Only back at that client again on Wednesday. But I do have remote access, so will see what I can do this evening.
On 25 February 2015 at 18:06, Jeremy Laidman <jlaidman at rebel-it.com.au> wrote:
On 25 February 2015 at 19:16, Vernon Everett <everett.vernon at gmail.com> wrote:
These hosts all have nothing at all to do with the storage arrays being monitored, which makes me think the client data might be a red herring.
Yup, makes sense.
My best guess is memory corruption within xymond. So let's see if the corruption is visible in the messages being passed between xymond and xymond_channel. If we see corrupt messages in there, we can start to delve into the source code to see if there's a bug somewhere.
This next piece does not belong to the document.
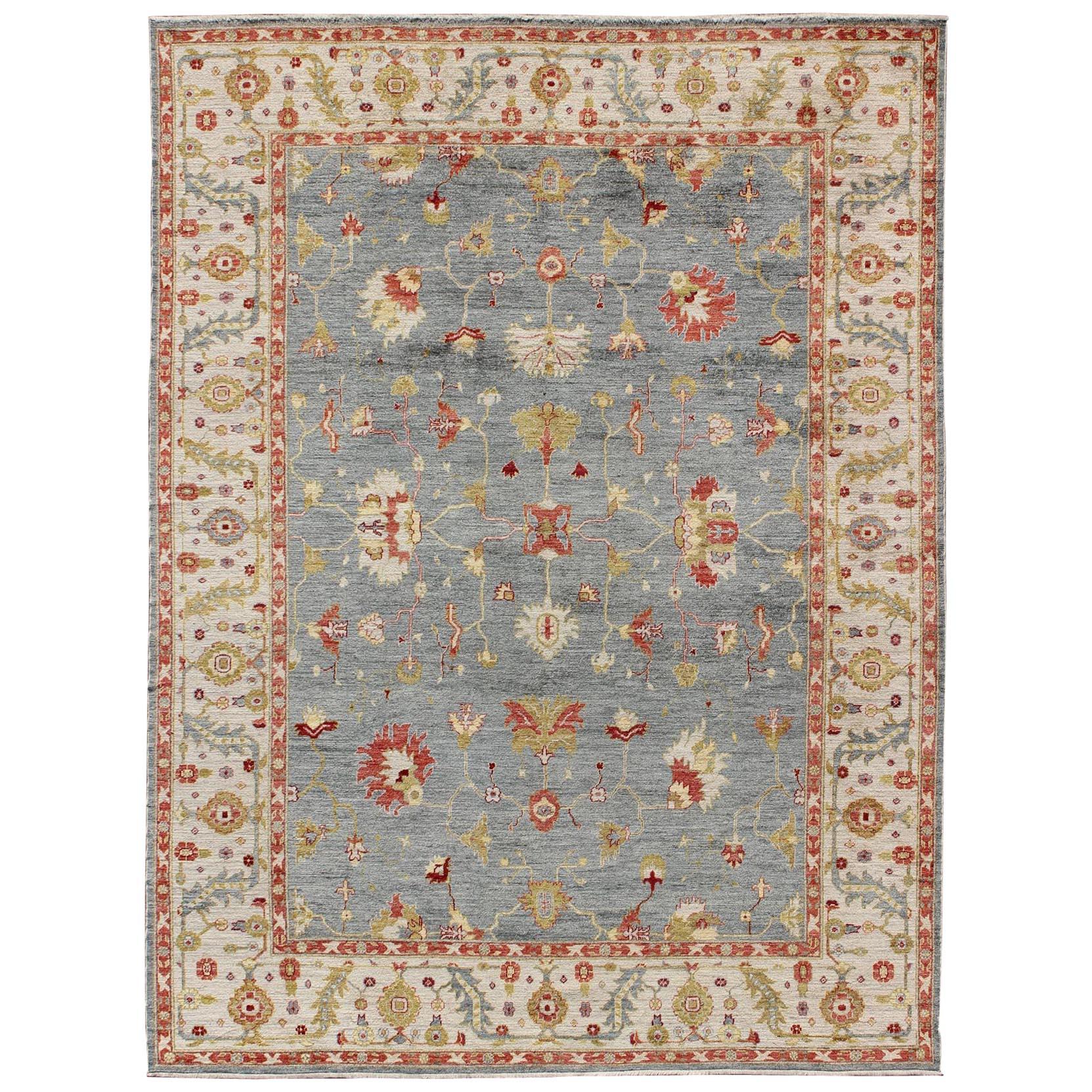 Großer türkischer Angora-Oushak-Teppich mit blauem Hintergrund und elfenbeinfarbener Farbe mit einem Hauch von Rot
Are you able to run your own instance of xymond_channel? Maybe something like this:
sudo -u xymon xymoncmd xymond_channel --channel=data --filter=zmem cat
One you get an idea what it looks like, change "cat" for something like "egrep -A5 ^@" to get only the first 5 lines. Also, redirect to a file until you notice a dodgy RRD file and then kill the process.
Did you try running xymond with "--dbghost=HOSTNAME" ? It might be too voluminous, but might be worth a try, if you can manage to snag the traffic at the right time.
J
-- "Accept the challenges so that you can feel the exhilaration of victory"
- General George Patton